→ What you need to do: Look below for the line with "We went because" and the line with "Hello, my name"; repeat exactly those two lines and all lines between them, but no pictures.

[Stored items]
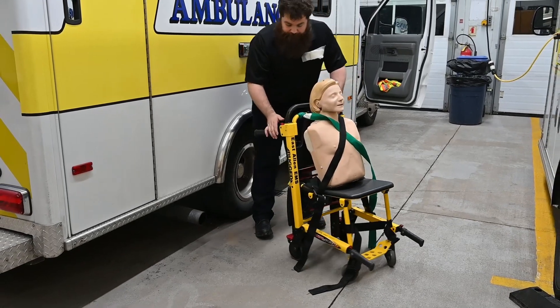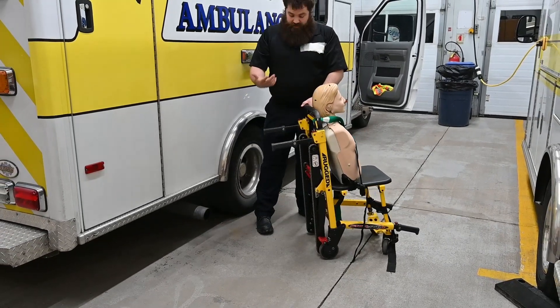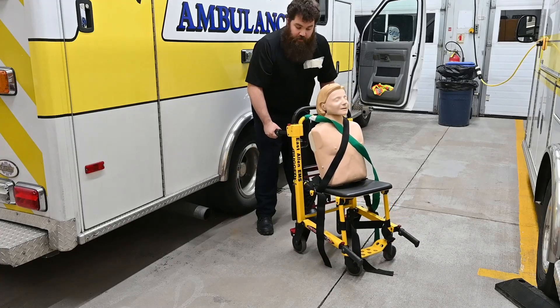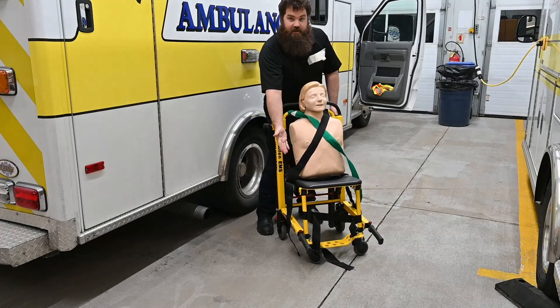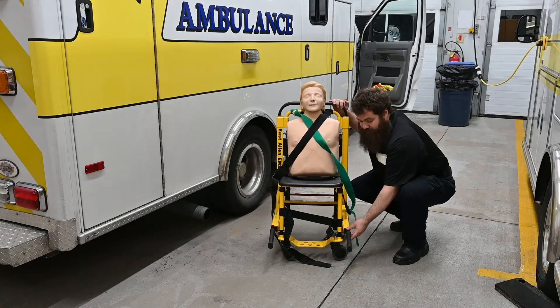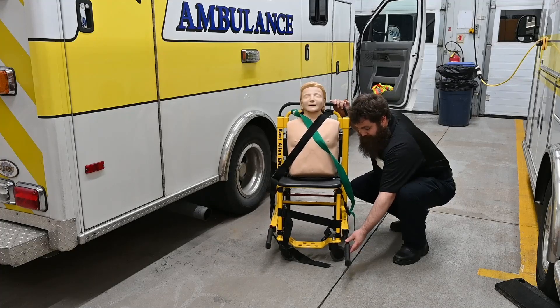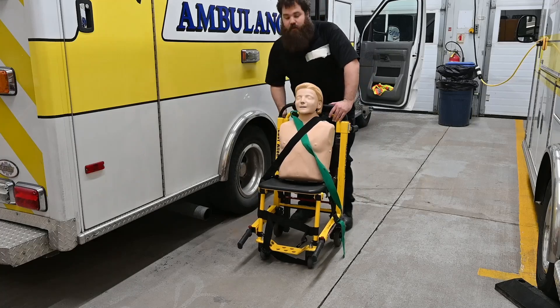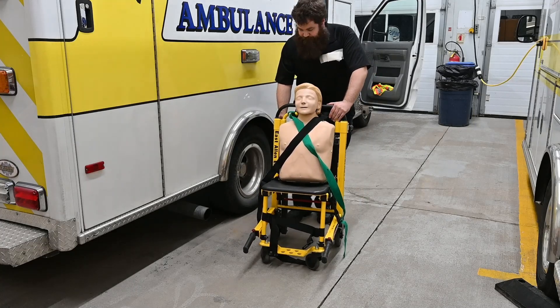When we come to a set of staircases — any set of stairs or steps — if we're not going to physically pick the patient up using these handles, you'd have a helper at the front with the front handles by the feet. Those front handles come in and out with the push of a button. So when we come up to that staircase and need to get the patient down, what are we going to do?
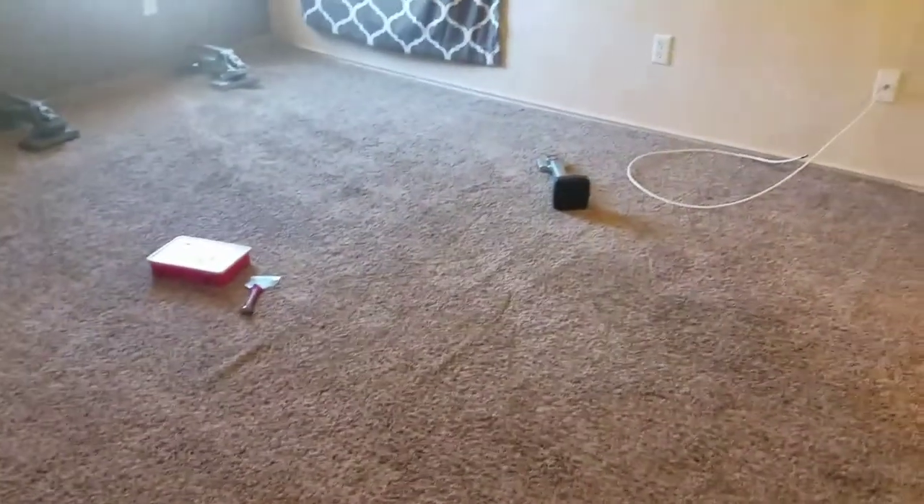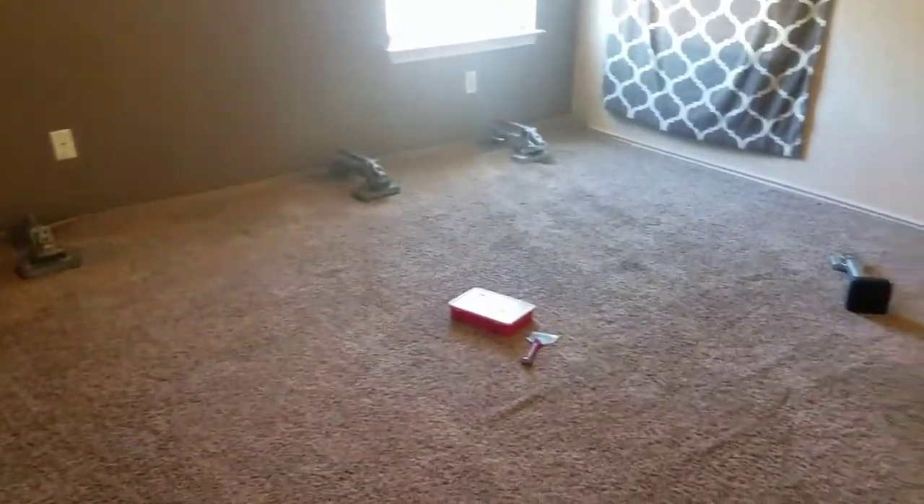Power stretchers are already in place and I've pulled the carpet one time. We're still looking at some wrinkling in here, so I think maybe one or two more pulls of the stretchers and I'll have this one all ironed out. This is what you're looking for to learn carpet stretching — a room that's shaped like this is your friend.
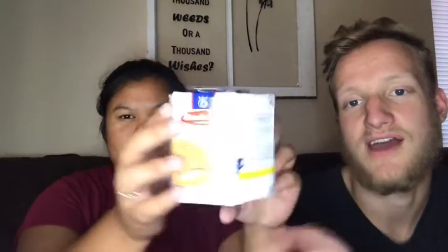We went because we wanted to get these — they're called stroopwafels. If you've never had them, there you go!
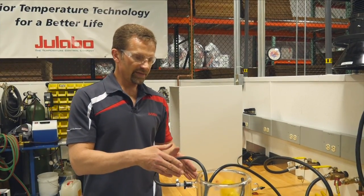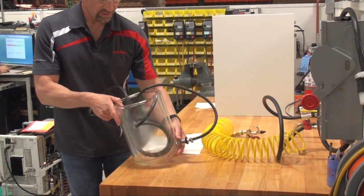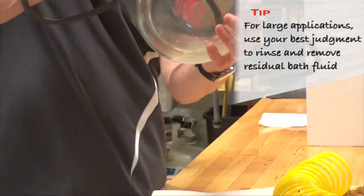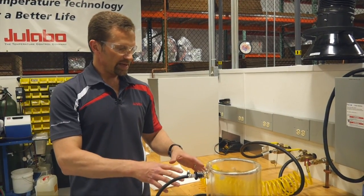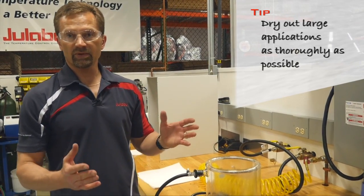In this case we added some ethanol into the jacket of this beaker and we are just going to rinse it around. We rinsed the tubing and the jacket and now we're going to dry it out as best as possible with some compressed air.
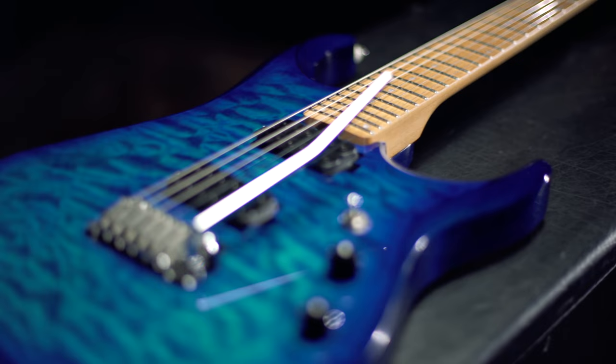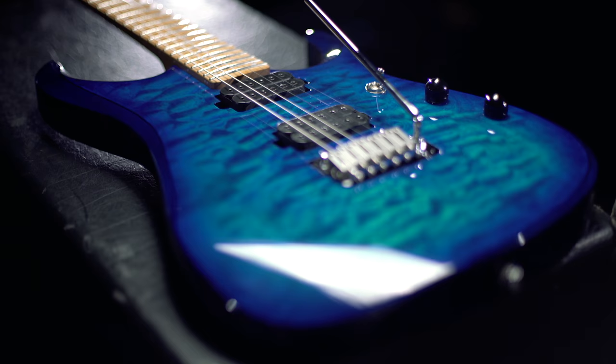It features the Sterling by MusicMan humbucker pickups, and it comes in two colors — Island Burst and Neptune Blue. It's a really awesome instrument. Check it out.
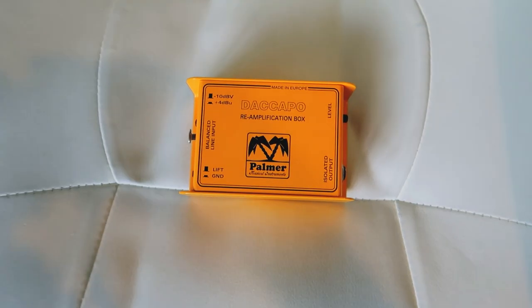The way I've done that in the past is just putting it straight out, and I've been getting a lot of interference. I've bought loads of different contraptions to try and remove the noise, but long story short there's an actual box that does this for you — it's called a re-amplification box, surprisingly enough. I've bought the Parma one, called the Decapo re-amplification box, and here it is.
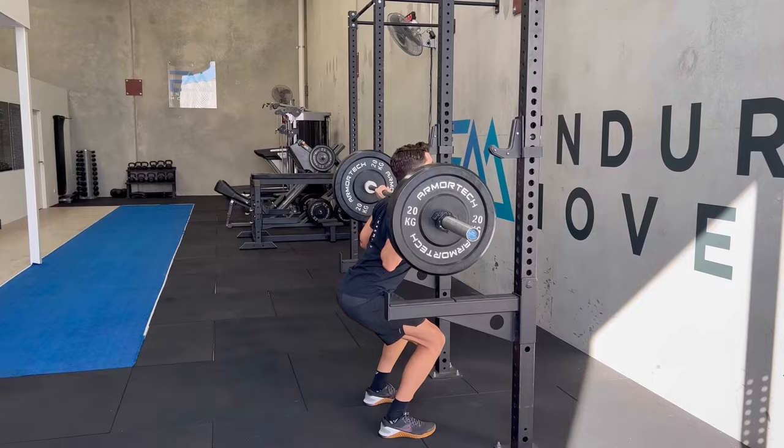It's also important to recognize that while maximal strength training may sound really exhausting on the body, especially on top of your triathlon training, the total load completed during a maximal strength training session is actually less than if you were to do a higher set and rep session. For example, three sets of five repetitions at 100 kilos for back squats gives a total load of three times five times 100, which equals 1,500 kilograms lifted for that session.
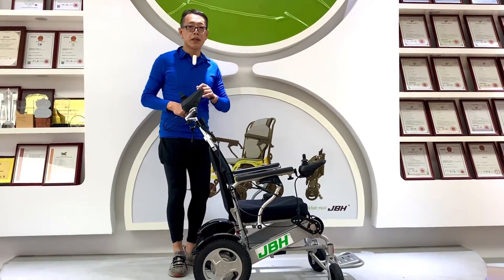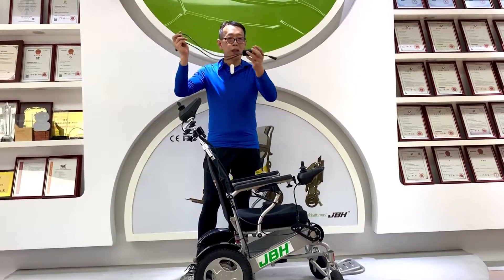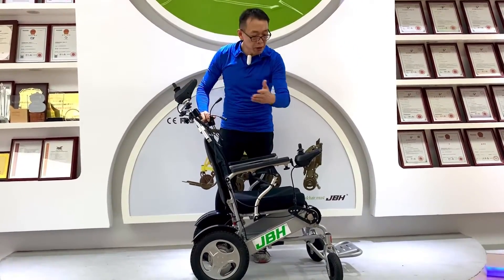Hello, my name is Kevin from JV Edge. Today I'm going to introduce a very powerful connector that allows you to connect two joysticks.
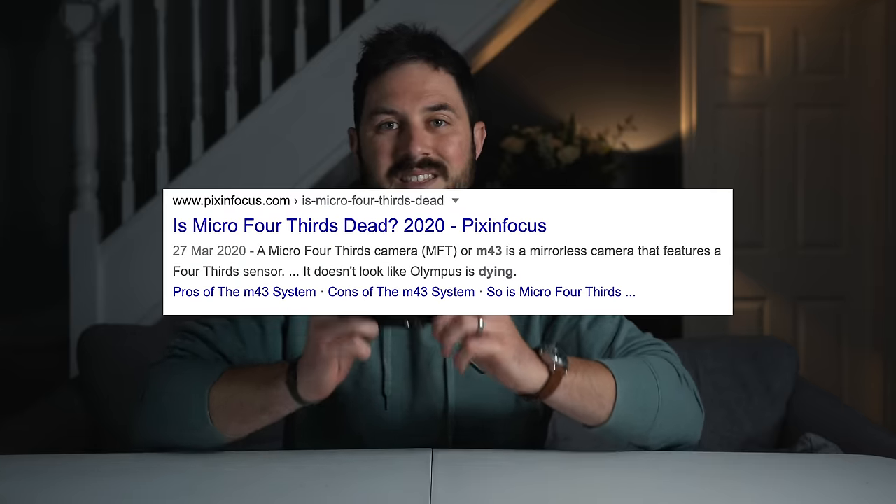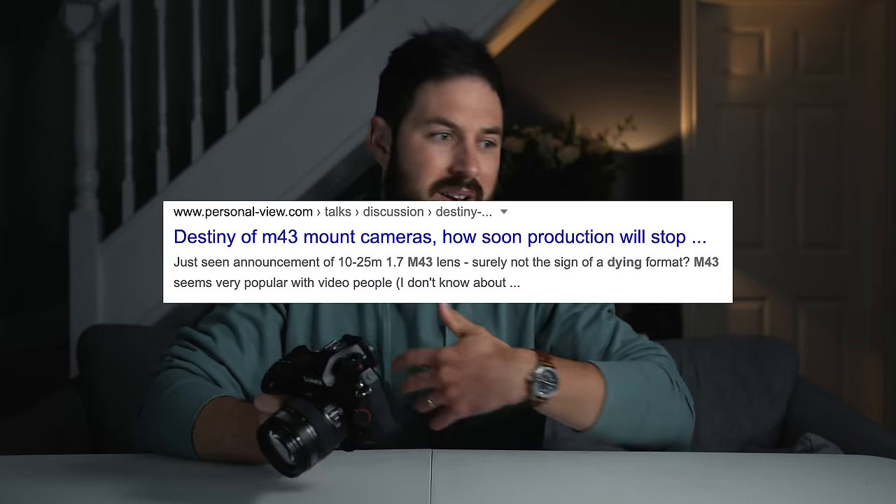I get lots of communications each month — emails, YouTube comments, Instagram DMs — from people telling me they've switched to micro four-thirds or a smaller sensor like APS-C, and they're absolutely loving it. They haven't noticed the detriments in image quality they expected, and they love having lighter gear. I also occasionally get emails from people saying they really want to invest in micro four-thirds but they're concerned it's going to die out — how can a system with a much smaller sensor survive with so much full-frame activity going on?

→ Exercise response:
We went because we wanted to get these — they're called stroopwafels. If you've never had them, there you go!
In this case we added some ethanol into the jacket of this beaker and we are just going to rinse it around. We rinsed the tubing and the jacket and now we're going to dry it out as best as possible with some compressed air.
It features the Sterling by MusicMan humbucker pickups, and it comes in two colors — Island Burst and Neptune Blue. It's a really awesome instrument. Check it out.
The way I've done that in the past is just putting it straight out, and I've been getting a lot of interference. I've bought loads of different contraptions to try and remove the noise, but long story short there's an actual box that does this for you — it's called a re-amplification box, surprisingly enough. I've bought the Parma one, called the Decapo re-amplification box, and here it is.
It's also important to recognize that while maximal strength training may sound really exhausting on the body, especially on top of your triathlon training, the total load completed during a maximal strength training session is actually less than if you were to do a higher set and rep session. For example, three sets of five repetitions at 100 kilos for back squats gives a total load of three times five times 100, which equals 1,500 kilograms lifted for that session.
Hello, my name is Kevin from JV Edge. Today I'm going to introduce a very powerful connector that allows you to connect two joysticks.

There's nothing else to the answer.